The original Complaint charges that Defendants violated Sections 10(b) and 20(a) of the Securities Exchange Act of 1934, and Rule 10b-5 promulgated thereunder, by issuing a series of materially false and misleading statements to the market between August 7, 2001 and August 2, 2002. The Complaint alleges that Heartland was at all relevant times a private equity firm that presented itself as being expert in leveraged buyouts of industrial manufacturers and that, in February 2001, Heartland acquired a controlling interest in CKC. CKC was at all relevant times a manufacturer of automotive interior components. The Complaint further alleges that Heartland and CKC acquired Textron Automotive Company's TAC-Trim division and that, throughout the class period, Heartland and CKC repeatedly stated that the TAC-Trim acquisition would be accretive to earnings and that, in addition to doubling CKC's annual revenue, the TAC-Trim acquisition would increase operating income by reducing costs through synergies and economies of scale. The truth was revealed on August 5, 2002, when the Company reported a net loss of $20.3 million, or $0.29 per diluted share, compared with net income of $9.2 million, or $0.11 per diluted share a year earlier, and announced that it expected 2002 earnings to be $0.20 to $0.26 per share, well below the consensus estimate of $0.74 per share. On this news, the investing public dumped its CKC stock, pushing the price down 49% to close at $2.81 on relatively high trading volume.

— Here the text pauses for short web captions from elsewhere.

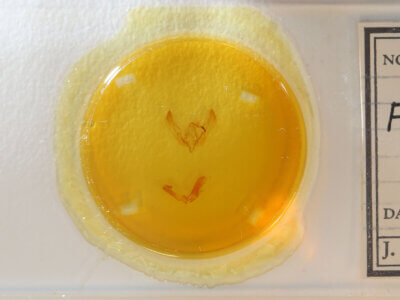 slide view of adult Feltia sp.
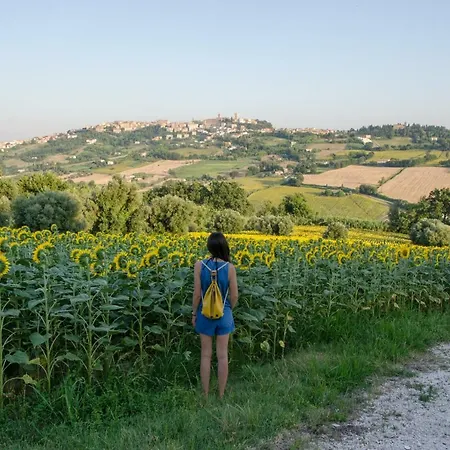 Azzurro Σπίτι διακοπών Osimo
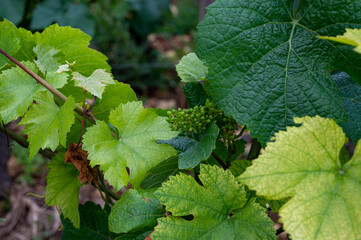 Young green grapes on grand cru and premier cru vineyards with rows of pinot noir grapes plants in...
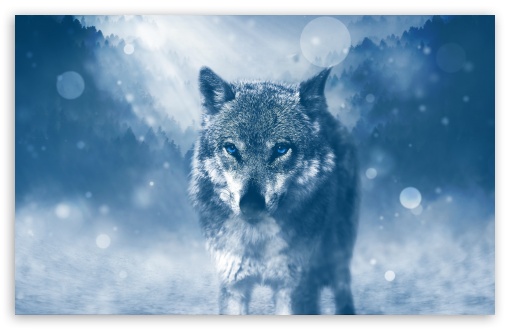 Download Wolf Winter UltraHD Wallpaper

On August 6, 2003, the Court entered the Order granting the motion to consolidate cases and appointment of lead Plaintiff approval of selection of lead and liaison Counsel. On September 29, 2003, the Court entered the Supplemental Order consolidating actions and appointing lead Plaintiff. On November 14, 2003, the Plaintiffs filed a Consolidated and Amended Class Action Complaint. On January 30, 2004, the Defendants filed a motion to dismiss the Consolidated and Amended Class Action Complaint. On May 20, 2005, Collins & Aikman Corporation filed a suggestion of bankruptcy.
On August 31, 2006, the Company filed a plan of reorganization with the Bankruptcy Court in Detroit to emerge from Chapter 11 of the United States Bankruptcy Code.
On January 31, 2008, the Court entered the Order signed by the Honorable Gerald E. Rosen granting the Plaintiffs' motion for leave to file second consolidated and amended Complaint while denying the Defendants’ motion to dismiss. On February 14, 2008, the Plaintiffs filed a Second Consolidated and Amended Class Action Complaint. Due to the Company’s bankruptcy, Collins & Aikman Corporation is a non-defendant. On April 30, 2008, the Defendants filed several motions to dismiss the Second Consolidated and Amended Class Action Complaint. Also on April 30 and August 8, 2008, certain individual Defendants were voluntarily dismissed from the action. The parties soon after engaged in settlement negotiations. On March 20, 2009, the lead Plaintiffs filed a motion for preliminary approval of settlement. On April 3, 2009, Judge Gerald E Rosen preliminarily approved the $10,800,000 in cash.
On July 30, 2009, the Court entered the Order Approving the Plan of Allocation and Awarding Attorneys' Fees and Expenses. The Court also entered the Order and Final Judgment approving the settlement and dismissing the action with prejudice. The case is now closed.